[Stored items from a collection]
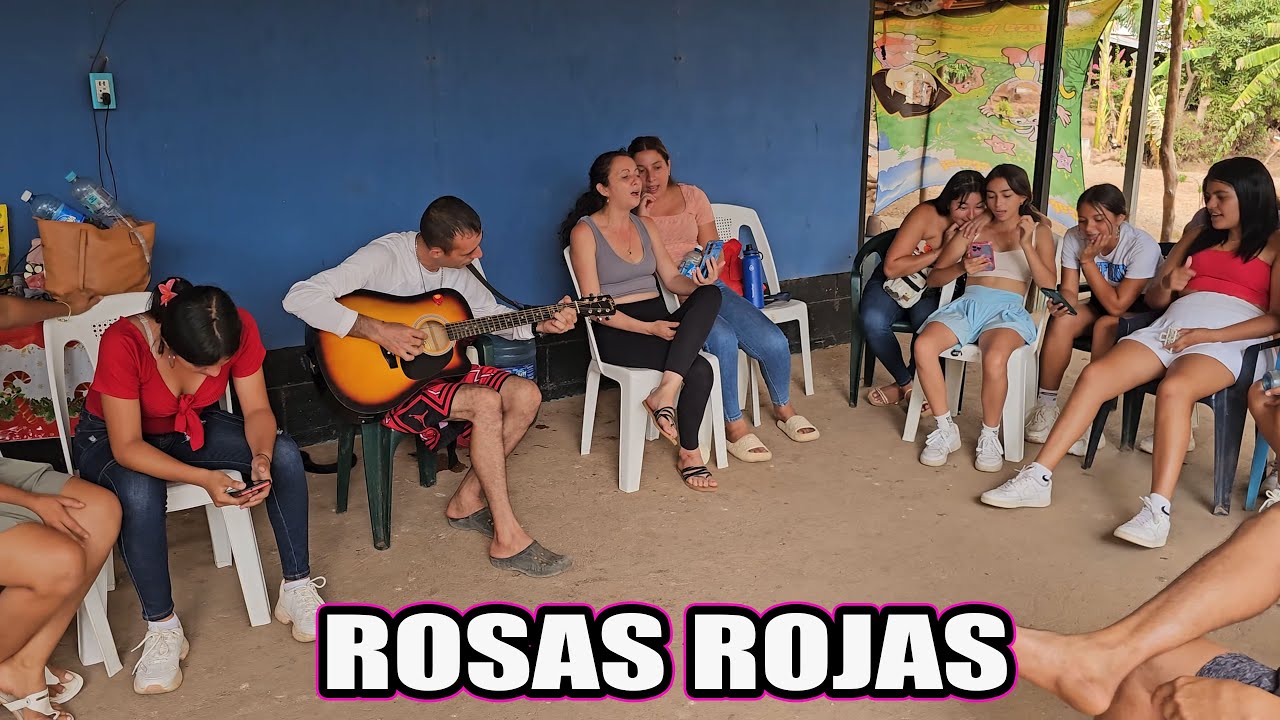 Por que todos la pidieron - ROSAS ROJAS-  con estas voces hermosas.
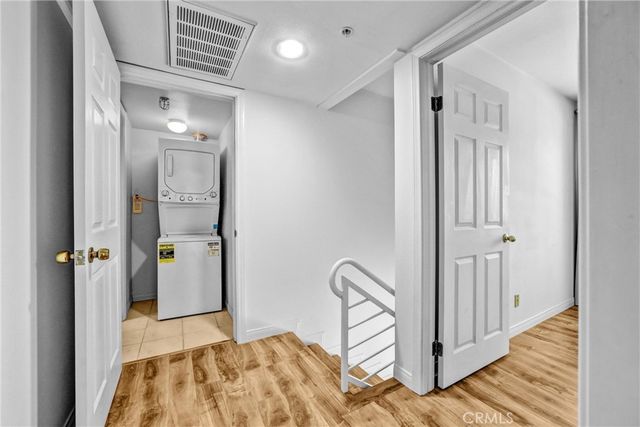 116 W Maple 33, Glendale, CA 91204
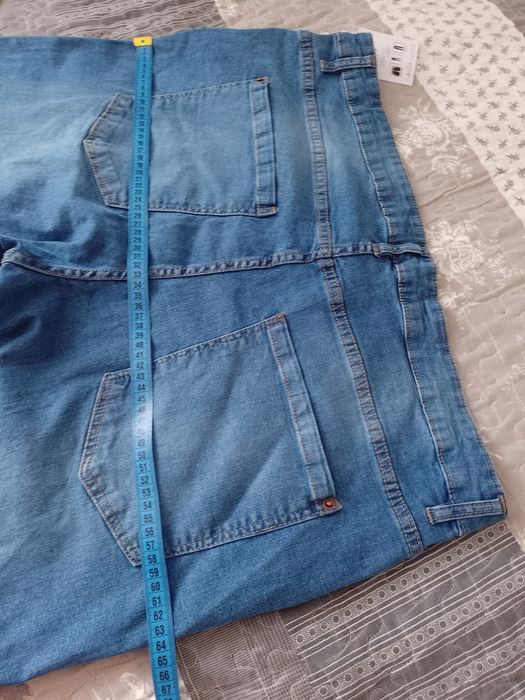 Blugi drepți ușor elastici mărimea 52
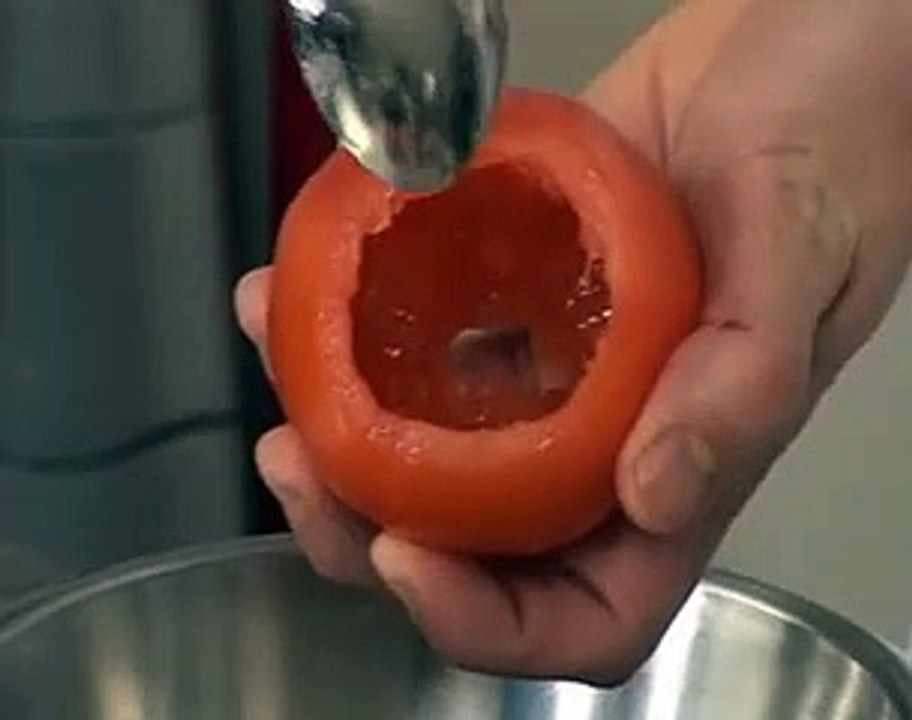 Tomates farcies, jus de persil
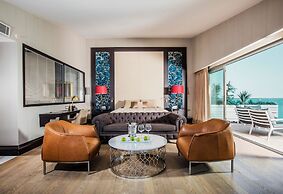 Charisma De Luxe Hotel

◆ What is needed: Your answer must be an exact copy of the records above, with every picture left out.

◆ Written solution:
 Por que todos la pidieron - ROSAS ROJAS-  con estas voces hermosas.
 116 W Maple 33, Glendale, CA 91204
 Blugi drepți ușor elastici mărimea 52
 Tomates farcies, jus de persil
 Charisma De Luxe Hotel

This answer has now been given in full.